__Work item__:
Copy the lines exactly as they appear, starting with the first line of the records and ending with the line that contains "A young street".

[Records from a dataset]
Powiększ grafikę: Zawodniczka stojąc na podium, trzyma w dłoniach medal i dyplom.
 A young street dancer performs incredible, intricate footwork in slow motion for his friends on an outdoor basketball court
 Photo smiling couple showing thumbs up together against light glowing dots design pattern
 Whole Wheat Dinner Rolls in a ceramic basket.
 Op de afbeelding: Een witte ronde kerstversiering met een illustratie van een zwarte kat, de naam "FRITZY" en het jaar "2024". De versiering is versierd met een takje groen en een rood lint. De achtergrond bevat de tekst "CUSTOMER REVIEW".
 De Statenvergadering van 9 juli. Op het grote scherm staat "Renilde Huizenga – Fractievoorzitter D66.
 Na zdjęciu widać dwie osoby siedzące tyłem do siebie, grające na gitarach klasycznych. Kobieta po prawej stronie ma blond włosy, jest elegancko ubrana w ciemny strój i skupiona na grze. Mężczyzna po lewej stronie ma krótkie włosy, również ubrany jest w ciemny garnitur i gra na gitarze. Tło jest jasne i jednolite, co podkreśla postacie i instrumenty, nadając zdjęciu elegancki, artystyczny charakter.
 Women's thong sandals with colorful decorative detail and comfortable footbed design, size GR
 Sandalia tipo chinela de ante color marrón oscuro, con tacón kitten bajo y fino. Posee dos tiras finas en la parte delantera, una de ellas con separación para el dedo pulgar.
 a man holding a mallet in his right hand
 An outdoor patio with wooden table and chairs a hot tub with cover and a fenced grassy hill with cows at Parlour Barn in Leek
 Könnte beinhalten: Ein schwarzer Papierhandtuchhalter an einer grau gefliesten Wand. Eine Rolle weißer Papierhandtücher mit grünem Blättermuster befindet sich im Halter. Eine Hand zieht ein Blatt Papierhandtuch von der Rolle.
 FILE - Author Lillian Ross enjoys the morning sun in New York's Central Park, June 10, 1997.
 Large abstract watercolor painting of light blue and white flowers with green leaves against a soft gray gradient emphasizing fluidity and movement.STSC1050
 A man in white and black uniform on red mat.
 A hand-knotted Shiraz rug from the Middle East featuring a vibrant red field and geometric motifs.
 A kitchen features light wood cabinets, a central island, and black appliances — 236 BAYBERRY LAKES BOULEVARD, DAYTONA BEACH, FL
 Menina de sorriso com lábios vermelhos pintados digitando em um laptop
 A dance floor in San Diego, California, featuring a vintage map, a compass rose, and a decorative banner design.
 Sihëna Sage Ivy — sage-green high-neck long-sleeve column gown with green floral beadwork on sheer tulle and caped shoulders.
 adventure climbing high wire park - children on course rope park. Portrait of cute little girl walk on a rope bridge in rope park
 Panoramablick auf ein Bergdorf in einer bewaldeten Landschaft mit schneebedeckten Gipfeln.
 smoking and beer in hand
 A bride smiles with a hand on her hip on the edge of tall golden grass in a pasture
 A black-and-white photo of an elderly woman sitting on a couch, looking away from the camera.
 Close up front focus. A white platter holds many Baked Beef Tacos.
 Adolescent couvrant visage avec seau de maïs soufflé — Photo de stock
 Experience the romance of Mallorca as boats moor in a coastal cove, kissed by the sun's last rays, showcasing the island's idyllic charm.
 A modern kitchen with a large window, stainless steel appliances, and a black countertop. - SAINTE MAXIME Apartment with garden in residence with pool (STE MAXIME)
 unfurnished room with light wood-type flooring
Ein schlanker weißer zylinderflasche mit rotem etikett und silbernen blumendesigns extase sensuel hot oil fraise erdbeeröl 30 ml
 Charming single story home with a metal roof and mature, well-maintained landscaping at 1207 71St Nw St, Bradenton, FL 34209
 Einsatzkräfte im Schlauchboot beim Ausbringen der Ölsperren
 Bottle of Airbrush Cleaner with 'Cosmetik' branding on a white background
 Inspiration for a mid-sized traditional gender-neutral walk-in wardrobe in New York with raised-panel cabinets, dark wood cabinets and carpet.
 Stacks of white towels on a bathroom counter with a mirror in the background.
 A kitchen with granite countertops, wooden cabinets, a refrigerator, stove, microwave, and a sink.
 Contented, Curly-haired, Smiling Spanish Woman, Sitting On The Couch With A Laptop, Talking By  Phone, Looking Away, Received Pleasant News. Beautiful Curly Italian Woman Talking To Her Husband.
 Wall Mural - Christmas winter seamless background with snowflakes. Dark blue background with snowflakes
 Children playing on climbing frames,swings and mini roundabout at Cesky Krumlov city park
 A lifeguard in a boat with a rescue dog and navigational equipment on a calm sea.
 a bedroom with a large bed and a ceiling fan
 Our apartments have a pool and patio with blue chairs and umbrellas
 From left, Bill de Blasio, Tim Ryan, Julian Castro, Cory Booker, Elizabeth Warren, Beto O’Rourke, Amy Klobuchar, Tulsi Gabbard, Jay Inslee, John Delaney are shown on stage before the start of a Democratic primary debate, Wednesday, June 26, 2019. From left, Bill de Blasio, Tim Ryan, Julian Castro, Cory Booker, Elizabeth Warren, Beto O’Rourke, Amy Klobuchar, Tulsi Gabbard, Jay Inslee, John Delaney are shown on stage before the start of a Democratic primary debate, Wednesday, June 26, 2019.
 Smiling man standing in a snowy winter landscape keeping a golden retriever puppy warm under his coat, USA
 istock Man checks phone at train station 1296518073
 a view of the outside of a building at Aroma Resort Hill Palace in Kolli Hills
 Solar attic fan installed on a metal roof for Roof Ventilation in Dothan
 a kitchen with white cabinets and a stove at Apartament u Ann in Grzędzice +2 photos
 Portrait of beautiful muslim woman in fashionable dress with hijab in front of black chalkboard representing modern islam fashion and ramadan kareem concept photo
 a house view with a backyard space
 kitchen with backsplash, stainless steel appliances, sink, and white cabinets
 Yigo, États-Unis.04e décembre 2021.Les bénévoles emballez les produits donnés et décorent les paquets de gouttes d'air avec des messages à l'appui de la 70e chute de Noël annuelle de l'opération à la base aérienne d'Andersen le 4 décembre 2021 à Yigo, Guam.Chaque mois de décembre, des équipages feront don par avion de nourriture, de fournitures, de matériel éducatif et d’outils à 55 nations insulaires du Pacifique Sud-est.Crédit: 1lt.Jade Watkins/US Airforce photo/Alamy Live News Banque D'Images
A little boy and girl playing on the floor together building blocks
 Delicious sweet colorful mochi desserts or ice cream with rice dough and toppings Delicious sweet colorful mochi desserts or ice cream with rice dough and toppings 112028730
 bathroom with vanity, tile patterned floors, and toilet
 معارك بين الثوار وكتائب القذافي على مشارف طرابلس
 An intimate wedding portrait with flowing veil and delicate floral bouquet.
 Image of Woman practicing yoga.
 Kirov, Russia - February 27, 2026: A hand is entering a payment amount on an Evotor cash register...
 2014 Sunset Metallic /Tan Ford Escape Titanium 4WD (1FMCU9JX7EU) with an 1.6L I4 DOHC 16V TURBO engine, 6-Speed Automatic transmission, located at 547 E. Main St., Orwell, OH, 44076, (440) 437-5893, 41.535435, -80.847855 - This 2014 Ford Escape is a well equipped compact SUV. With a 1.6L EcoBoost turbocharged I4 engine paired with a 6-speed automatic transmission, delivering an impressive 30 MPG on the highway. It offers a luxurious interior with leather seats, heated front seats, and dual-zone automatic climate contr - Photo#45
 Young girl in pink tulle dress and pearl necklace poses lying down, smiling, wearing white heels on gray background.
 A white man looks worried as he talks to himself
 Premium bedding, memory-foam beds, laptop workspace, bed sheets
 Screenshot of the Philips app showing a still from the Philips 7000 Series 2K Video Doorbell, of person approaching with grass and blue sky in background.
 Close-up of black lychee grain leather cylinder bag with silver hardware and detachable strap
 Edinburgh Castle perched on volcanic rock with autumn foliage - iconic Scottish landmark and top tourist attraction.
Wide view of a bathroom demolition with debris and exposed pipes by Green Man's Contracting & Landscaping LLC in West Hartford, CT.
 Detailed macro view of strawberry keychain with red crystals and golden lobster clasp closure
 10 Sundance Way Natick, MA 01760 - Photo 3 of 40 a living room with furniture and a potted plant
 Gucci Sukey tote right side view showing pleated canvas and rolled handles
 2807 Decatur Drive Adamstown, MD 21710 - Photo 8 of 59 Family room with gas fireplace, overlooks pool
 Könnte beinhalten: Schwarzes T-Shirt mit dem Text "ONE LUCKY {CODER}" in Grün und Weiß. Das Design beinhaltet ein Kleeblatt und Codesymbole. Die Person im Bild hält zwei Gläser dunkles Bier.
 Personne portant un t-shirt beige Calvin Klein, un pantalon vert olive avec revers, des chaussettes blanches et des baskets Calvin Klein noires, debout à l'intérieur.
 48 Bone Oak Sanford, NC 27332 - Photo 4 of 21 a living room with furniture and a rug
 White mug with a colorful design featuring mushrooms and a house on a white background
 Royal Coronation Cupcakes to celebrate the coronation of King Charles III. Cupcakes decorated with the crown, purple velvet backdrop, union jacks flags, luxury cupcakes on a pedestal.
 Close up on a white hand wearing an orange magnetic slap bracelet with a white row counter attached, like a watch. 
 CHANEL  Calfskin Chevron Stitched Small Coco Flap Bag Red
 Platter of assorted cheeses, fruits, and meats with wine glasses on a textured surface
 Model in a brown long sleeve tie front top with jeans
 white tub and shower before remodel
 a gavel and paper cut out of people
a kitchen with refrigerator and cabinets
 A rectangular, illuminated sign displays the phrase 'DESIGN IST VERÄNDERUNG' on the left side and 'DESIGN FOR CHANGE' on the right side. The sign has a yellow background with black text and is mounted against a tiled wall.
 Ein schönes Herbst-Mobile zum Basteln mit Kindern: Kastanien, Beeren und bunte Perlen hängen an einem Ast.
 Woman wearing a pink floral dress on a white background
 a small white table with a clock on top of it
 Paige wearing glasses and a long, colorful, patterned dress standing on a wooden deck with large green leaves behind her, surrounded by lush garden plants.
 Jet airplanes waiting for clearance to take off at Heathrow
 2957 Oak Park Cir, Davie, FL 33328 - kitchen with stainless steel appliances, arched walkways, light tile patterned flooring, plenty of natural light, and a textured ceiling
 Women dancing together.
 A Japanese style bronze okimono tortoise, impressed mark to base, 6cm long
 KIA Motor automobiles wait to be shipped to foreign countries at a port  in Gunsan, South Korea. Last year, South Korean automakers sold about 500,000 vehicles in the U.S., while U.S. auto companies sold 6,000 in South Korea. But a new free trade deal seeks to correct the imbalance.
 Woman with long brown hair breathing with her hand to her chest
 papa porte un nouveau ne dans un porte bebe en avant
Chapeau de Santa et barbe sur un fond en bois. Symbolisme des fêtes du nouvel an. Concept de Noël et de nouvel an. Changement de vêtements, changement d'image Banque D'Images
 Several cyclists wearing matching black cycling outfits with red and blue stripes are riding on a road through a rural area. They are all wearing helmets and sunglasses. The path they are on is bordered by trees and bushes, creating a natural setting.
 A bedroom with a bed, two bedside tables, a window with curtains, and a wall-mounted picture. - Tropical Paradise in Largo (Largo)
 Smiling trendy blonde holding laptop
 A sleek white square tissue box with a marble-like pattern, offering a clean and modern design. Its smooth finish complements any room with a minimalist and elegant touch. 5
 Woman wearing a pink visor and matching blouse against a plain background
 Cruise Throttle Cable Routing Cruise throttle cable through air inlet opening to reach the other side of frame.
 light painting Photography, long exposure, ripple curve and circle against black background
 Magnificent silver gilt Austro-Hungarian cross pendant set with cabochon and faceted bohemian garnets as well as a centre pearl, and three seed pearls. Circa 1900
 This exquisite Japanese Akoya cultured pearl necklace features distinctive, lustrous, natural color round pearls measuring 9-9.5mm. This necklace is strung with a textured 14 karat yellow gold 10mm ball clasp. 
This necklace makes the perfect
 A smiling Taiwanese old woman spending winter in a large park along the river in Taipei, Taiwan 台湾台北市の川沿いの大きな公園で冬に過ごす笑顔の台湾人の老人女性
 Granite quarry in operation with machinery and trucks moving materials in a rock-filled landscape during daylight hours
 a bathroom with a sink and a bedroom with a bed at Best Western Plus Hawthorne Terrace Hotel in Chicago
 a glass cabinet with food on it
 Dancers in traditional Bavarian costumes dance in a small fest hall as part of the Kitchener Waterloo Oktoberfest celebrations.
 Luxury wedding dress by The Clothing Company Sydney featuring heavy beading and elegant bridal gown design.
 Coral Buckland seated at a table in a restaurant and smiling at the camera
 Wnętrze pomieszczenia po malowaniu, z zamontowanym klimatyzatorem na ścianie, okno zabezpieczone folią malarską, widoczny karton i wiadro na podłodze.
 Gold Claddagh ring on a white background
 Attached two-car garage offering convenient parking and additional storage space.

__Exercise result__:
Powiększ grafikę: Zawodniczka stojąc na podium, trzyma w dłoniach medal i dyplom.
 A young street dancer performs incredible, intricate footwork in slow motion for his friends on an outdoor basketball court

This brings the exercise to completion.